Once your content is focused and specific, you enable content reuse across documentation and training teams. Unfortunately, these teams often work separately or haven’t considered single-sourcing their content in this way before, and so might be unsure how to start.

One way to get started is to use learning objectives for both training content and traditional documentation outputs like online help, user manuals, or internal documentation. This benefits teams and content in two ways:

  • It’s easier to reuse because the purpose of the content is very specific and actionable and easily understood by all information developers.
  • All teams will have at least a subset of the same content topics, despite their different contexts.

So, how can we organize content for reuse but also still present it for different audiences and intended uses?

Let’s look at an example that represents the strategy my own team uses. I’m going to use the term “snippet” which for my team represents the snippet feature in Flare, but, if you don’t use Flare, also refers to content that is identical in both contexts.

In the image below, we use snippets for the concept description, a related example, and an instruction set. We then reuse that as part of a lesson, and in a more comprehensive documentation topic.

snippet usage

The snippets of content represent a reduction in time spent because they’re only authored once and also reduce interaction with other team members while completing authoring activities.

Now, you might be thinking, “That’s great for written content, but how does that help with video or presentations?” My team uses snippets when authoring video scripts and adds transitional language in between conceptual, example, and instruction snippets.

Hopefully, these examples spark ideas for your own teams and process to explore ways you can reuse content between training and documentation.


While it’s easy to mistake flashy content (or do I mean fishy?) as engaging, interesting content, it often detracts from employee engagement in training courses.
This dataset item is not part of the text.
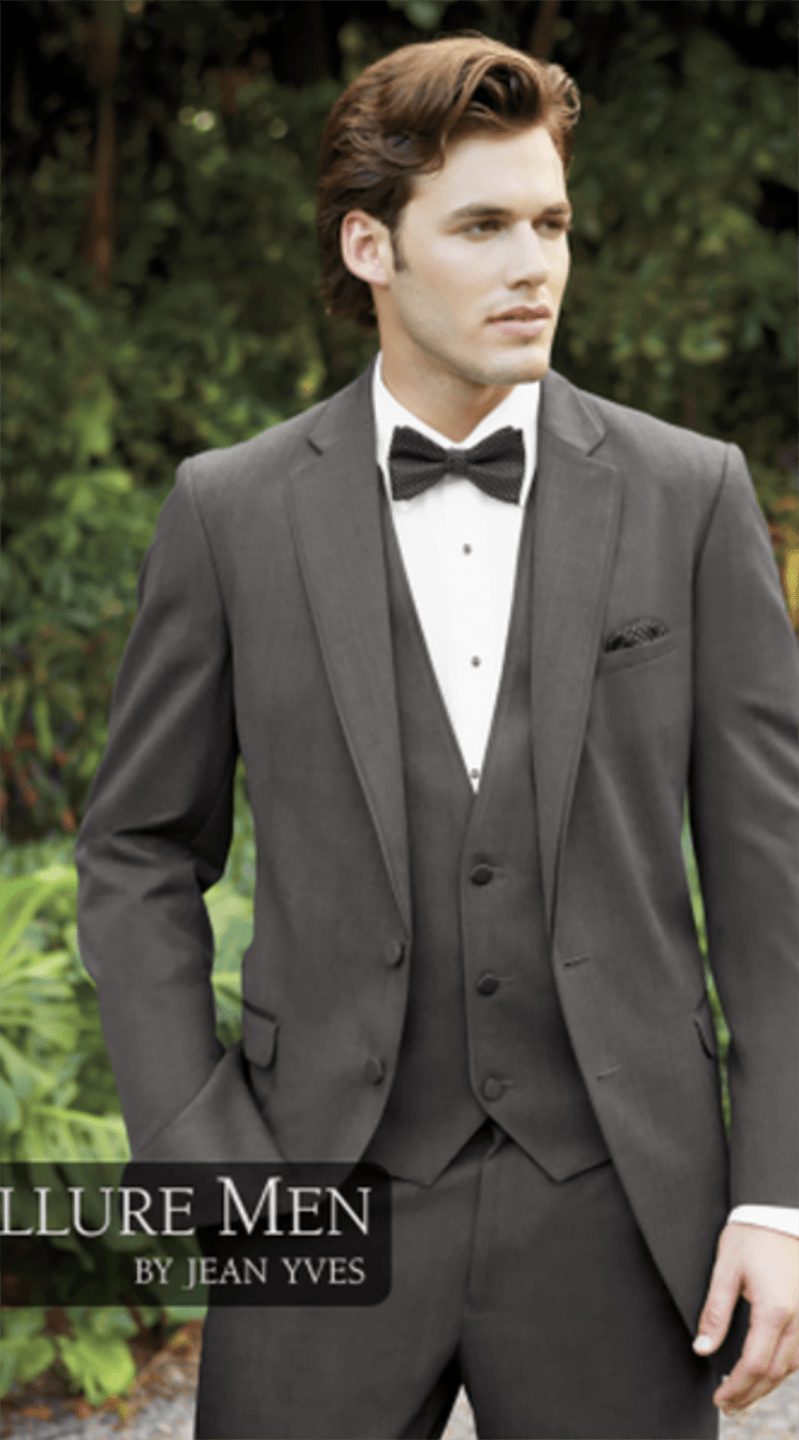 A man is wearing a tuxedo and bow tie.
Choosing quality content is the most impactful way to improve your employee training program.

Quality content will have these characteristics:

  • It’s relevant and specific to the topic or objective
  • It retains employee engagement with at least simple interactive strategies

Once you have quality content, you’ll have the option to employ content reuse strategies to make content development more efficient.

Additional Considerations to Build Engagement Before a Training Course

Developing relationships will build trust, augmenting the value of relevant and interactive courses. And, before a course can be relevant for employees, you’ll need to identify what is relevant to them.
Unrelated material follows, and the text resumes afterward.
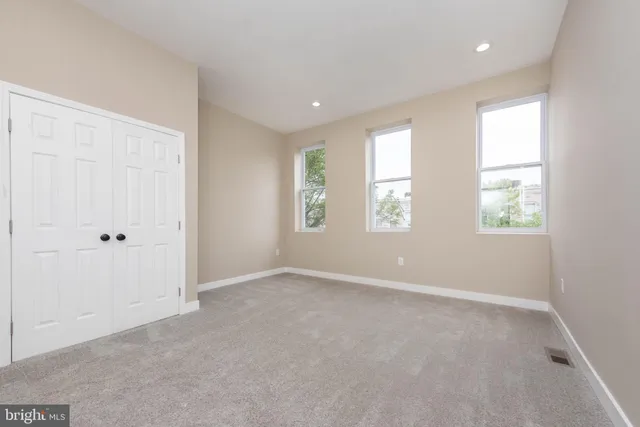 an empty room with windows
Having direct, two-way communication with employees builds relationships and helps identify what is relevant and needed. This engagement also affords the opportunity to explain the value of training that may not seem immediately applicable or valuable. It’s easy to settle with just communicating with employees via surveys or during a needs assessment (and these are valuable). However, this may also feel impersonal, especially if communication is limited to surveys.

Consider these strategies for direct communication:

  • Small Companies - Have conversations with most or all employees about the training program and ask what they need or if they have feedback.
  • Large Companies - Identify who is most influential, then ask for their thoughts and ideas directly as a proxy for talking to everyone.
  • At random - Identify random employees who’ve recently taken a course and directly request their feedback.

From here, it might be tempting to build the training program and rely on surveys for further feedback. Instead, after implementing changes relevant to a conversation, continue the personal interaction by following up with the employees directly.

While some employees may be less forthcoming with critical feedback than on an anonymous survey, you’ll develop relationships that give people a reason to engage with training and provide productive feedback because they know you care about them.

When people feel cared about and listened to, it only enhances the effects of quality content in employee training programs. Leverage technology to improve employee training by using eLearning tools, technical documentation and training manual softwares.